Is this associated cost set problem NP-hard? I have the following problem. I wonder whether or not it appears in the literature. Is it NP-hard?

Given a set $S = \{1,2,\ldots,m\}$, and $A_1,\ldots, A_n$ are subsets of $S$. Each set $A_i$ has an associated weight $x_i\geq 0$ (unknown). Given $c_i,\ldots,c_n$ and $s_1, \ldots,s_m$. The question is how can we choose at most $k$ numbers from $S$ such that $\sum_{i=1}^nc_ix_i$ is maximum, provided that if $j\in S$ is chosen then we must have $\sum\limits_{i: j\in A_i}x_i \leq s_j$, otherwise if $j$ is not chosen, then $x_i = 0$ for all $A_i$ contains $j$. This problem can be formulated as the following MILP. Let $y_j = 1$ if $j$ is chosen and $y_j = 0$ otherwise, then we have the following model $\max \sum_ic_ix_i$ s.t $\sum\limits_{i: j\in A_i}x_i \leq s_jy_j$ for all $j\in S, \sum_jy_j \leq k,  x_i \geq 0, y_j \in \{0, 1\}$.

Thank you in advance! 
 A: Here is a reduction from clique - it's a bit trickier than it looked at first.
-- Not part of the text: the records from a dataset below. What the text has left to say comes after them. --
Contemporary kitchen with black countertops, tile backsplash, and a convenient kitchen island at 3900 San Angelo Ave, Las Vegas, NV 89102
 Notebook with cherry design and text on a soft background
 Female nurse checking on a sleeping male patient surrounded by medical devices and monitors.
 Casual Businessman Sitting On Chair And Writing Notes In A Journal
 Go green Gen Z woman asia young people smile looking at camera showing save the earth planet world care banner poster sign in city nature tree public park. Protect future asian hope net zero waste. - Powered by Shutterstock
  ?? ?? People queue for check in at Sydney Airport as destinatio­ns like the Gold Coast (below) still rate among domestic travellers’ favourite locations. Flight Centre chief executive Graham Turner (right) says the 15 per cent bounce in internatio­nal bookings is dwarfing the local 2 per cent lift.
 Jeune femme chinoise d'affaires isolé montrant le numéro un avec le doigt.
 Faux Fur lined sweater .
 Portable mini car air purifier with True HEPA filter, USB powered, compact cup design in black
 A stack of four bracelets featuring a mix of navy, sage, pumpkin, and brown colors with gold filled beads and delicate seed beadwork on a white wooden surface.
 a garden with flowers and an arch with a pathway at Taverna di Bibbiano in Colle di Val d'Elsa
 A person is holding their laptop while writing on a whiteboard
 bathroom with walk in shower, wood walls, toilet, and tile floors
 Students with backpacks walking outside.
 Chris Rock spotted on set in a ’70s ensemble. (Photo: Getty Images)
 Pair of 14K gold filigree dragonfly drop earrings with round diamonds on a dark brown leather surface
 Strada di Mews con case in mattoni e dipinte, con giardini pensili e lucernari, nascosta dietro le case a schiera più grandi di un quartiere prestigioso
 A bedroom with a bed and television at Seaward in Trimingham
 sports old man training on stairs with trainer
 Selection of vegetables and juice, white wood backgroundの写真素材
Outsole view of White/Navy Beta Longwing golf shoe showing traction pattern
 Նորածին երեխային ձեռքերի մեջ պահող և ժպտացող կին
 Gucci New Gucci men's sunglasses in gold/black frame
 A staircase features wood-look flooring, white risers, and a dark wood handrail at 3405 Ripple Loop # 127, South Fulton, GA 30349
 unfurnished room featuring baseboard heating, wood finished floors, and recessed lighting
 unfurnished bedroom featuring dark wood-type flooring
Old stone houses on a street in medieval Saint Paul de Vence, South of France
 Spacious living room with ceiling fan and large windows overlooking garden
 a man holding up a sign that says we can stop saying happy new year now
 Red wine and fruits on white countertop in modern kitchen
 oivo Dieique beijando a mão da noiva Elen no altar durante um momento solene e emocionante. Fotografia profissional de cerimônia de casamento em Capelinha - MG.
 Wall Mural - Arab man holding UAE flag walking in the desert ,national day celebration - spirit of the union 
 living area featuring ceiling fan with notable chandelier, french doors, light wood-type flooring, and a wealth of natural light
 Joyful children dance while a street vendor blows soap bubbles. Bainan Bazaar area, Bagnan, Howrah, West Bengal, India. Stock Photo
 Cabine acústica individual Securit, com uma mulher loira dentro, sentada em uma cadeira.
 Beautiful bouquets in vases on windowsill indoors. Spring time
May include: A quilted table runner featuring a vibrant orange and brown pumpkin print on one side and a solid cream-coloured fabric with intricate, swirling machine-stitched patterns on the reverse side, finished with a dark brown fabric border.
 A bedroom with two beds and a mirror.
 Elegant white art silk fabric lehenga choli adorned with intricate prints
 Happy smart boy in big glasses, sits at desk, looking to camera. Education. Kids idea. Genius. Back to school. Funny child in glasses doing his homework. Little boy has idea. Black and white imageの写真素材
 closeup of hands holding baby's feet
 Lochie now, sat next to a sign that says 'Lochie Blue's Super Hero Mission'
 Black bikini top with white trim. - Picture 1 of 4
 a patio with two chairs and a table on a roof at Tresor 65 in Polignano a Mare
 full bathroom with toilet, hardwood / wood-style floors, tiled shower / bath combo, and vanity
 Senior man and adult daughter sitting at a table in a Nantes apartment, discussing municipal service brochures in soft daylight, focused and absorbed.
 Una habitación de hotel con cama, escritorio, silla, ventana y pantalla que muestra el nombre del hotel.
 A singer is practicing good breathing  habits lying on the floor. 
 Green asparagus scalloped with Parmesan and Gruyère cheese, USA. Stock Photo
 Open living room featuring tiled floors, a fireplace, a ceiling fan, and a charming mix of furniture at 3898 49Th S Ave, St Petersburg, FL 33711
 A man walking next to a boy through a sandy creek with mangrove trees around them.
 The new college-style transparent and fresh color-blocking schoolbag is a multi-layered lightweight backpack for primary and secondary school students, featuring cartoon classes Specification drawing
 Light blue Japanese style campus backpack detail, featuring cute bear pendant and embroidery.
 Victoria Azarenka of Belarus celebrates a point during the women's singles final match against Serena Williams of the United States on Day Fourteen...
CLIQUE is the NP-complete language defined as the pairs $(G,c)$ where $G$ is a simple graph containing a clique of order $c$.
To reduce CLIQUE to your problem, use $S=V(G) \cup E(G)$ and take $A_{ij}=\{i,j,ij\}$ for each edge $ij$. (To match the problem description as written, use enumerations of these sets; $m=|V(G)|+|E(G)|$ and $n=|E(G)|$). Set $c_{ij}=1$ and $s_{ij}=1$ for each edge $ij$. Set $s_i=c-1$ for each vertex $i$. Set $k=c+\binom c 2$.
If there is a clique $i_1,\dots,i_c$, the set of these vertices and all the edges between them gives a set of $k$ elements of $S$. Setting $x_{ij}=1$ for edges in the clique and $x_{ij}=0$ otherwise, we find that $\max\sum_{ij}c_{ij}x_{ij}\geq \binom c 2$.
On the other hand, given a solution with $\sum_{ij}c_{ij}x_{ij}\geq\binom c 2$, there must be at least $\binom c 2$ positive values $x_{ij}$. That means there are at least $\binom c 2$ edges chosen in $S$. So the number of vertices chosen must be at most $k-\binom c 2=c$, but it also has to be at least $c$ to allow $\binom c 2$ edges. This means there is in fact a clique of order $c$ in $G$.